La creación es un proceso eterno: la sustancia de todas las cosas finitas es Dios. La criatura no es un ser distinto de Dios. La criatura subsiste en Dios, y Dios se manifiesta en la criatura de una manera inefable. «La Santísima Trinidad se ama en sí misma y en nosotros;[11] se ve y mueve por sí misma».

El pecado tiene su fuente en la libertad: surgió porque el hombre se volvió a sí mismo en vez de hacia Dios. El mal no tiene su causa en Dios, porque en Dios no hay idea del mal. El mal es no-ser y no tiene causa, porque si la tuviese sería necesario. El mal es privación del bien.

El Logos es el principio que devuelve los muchos al Uno, y el hombre a Dios; así es el Salvador del mundo. Por la unión con Dios, la parte del hombre que efectúa la unión se hace divina.

Juan está en desacuerdo con los aristotélicos al rechazar sustancialmente las cosas particulares. Llama a Platón el cenit de los filósofos. Pero sus tres primeras clases de ser se derivan indirectamente de la idea de Aristóteles del motor inmóvil, inmóvil y movido, movido pero inmóvil. La cuarta clase del ser del sistema de Juan que ni crea ni es creado, se deriva de la doctrina de Dionisio de que todas las cosas vuelven a Dios.

La falta de ortodoxia de Juan se evidencia en este resumen. Su panteísmo, que rechaza la realidad sustancial de las criaturas, es contrario a la doctrina cristiana. Su interpretación de la creación de la nada es tal que un teólogo prudente no podía aceptarla. Su trinidad, que se parece mucho a la de Plotino, no mantiene la igualdad de las Tres Personas, aunque intenta defenderse en este punto. Su independencia de espíritu se revela en estas herejías, y sorprende en el siglo IX. Su punto de vista neoplatónico puede quizá haber sido corriente en Irlanda, como lo fue entre los Padres Griegos de los siglos IV y V. Puede ser que, si supiéramos más sobre el cristianismo irlandés desde el siglo V al IX, nos sorprendería menos. Por otro lado, quizá la mayoría de sus herejías se hayan de atribuir a la influencia del pseudo Dionisio, quien por la supuesta relación suya con San Pablo fue considerado, erróneamente, como ortodoxo.

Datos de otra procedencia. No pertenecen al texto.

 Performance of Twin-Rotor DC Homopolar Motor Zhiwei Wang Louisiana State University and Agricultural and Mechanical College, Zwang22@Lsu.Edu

Su idea de que la creación era eterna es naturalmente herética y le obliga a decir que el relato del Génesis es alegórico. El paraíso y la caída de Adán no se deben tomar literalmente. Como todos los panteístas, la dificultad reside para él en el pecado. Sostiene que el hombre no tuvo originalmente pecado, ni distinción de sexo. Lo cual, sin duda, contradice a la afirmación de que «Los creó macho y hembra». Según Juan, fue solamente consecuencia del pecado el que los seres humanos se dividieran en hombre y mujer. La mujer encarna la naturaleza sensual y depravada del hombre. Al final, otra vez desaparecerá la diferencia entre los sexos y tendremos un cuerpo completamente espíritu.[12] El pecado consiste en la voluntad mal guiada, en la suposición falsa de que es bueno algo que no lo es. Su castigo es natural; consiste en descubrir la vanidad de los deseos pecaminosos. Pero el castigo no es eterno. Como Orígenes, Juan sostiene que incluso los diablos se salvarán al final, aunque más tarde que los demás seres.

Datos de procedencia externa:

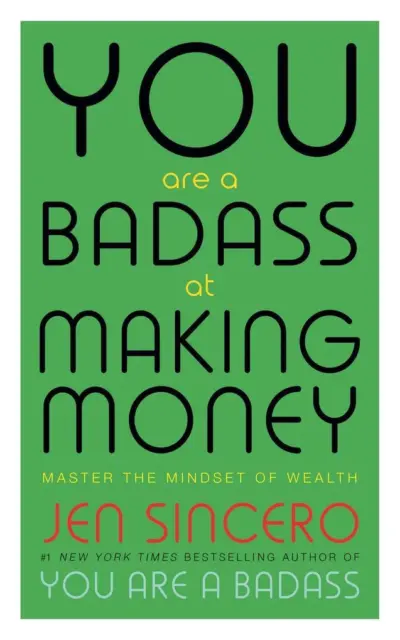 You Are a Badass at Making Money | Jen Sincero | englisch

La traducción de Juan del pseudo Dionisio tuvo una gran influencia sobre el pensamiento medieval, pero su magnum opus sobre la división de la naturaleza tuvo poca. Fue repetidamente condenada como herética y, por fin, en 1225, el papa Honorio III ordenó que todos los ejemplares fuesen quemados. Afortunadamente, esta orden no fue cumplida.